**Problem to work on:**
Going through the material below, output exactly the lines from the one containing "El Debarge - Who's Holding Donna Now" through the one containing "Hyundai Palisade 2026 — photo 2", and no pictures.

**Data for this task:**
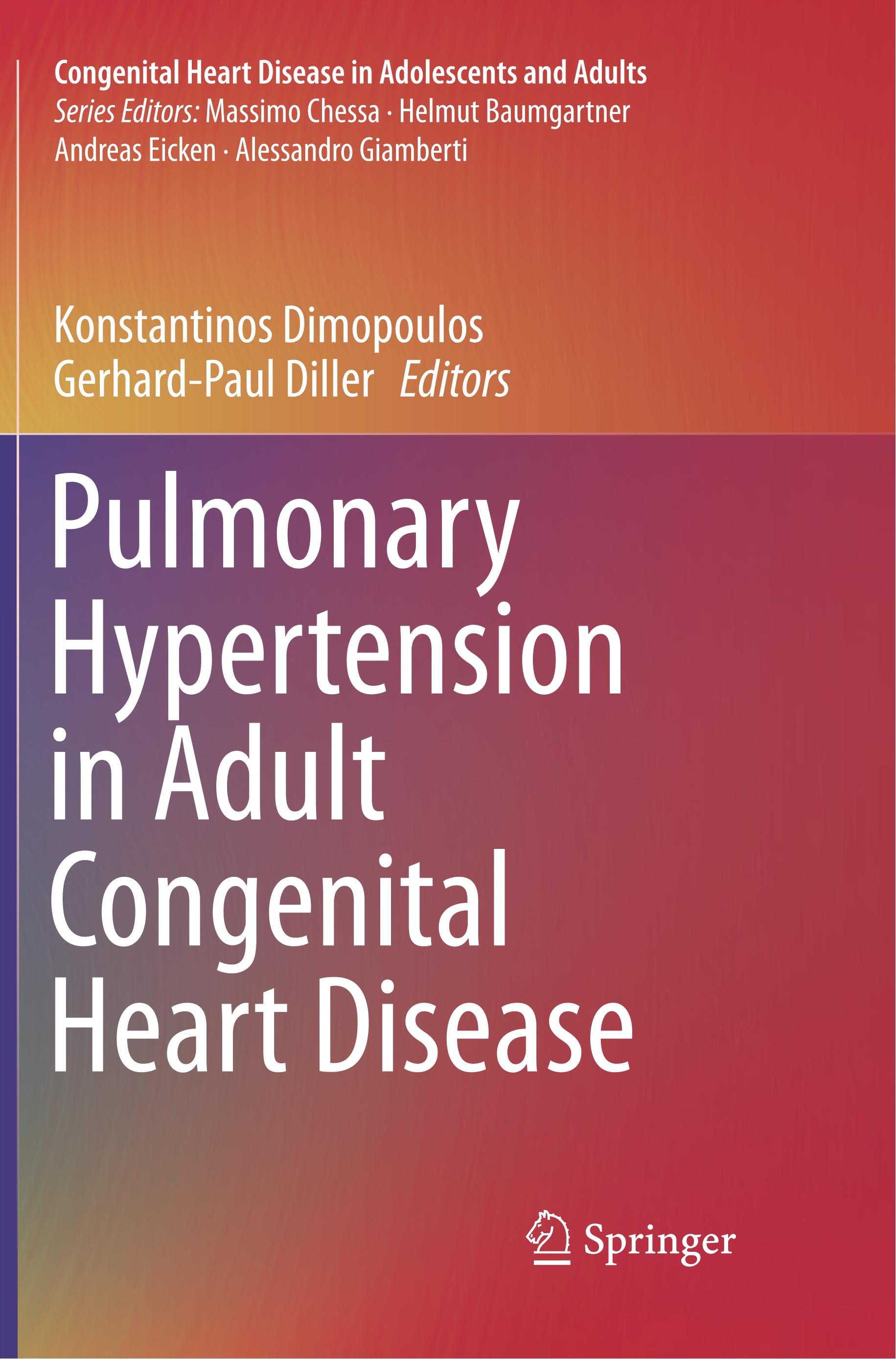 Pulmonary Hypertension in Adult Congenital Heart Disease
* * *
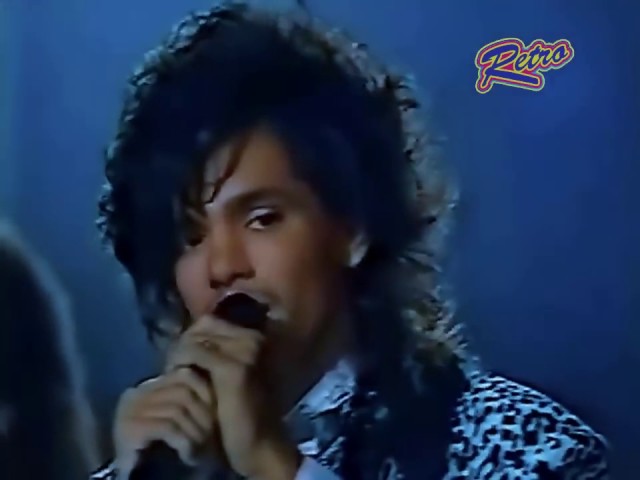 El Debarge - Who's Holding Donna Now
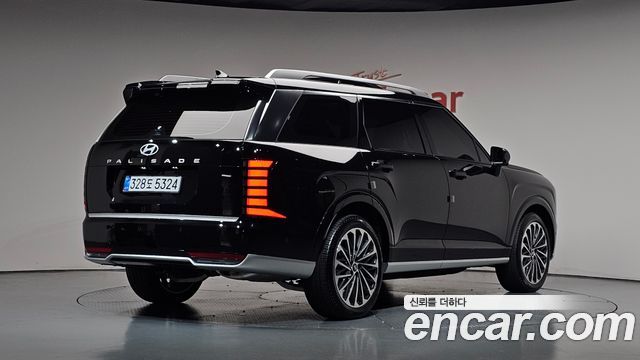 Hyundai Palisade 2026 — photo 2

**Response box:**
 El Debarge - Who's Holding Donna Now
 Hyundai Palisade 2026 — photo 2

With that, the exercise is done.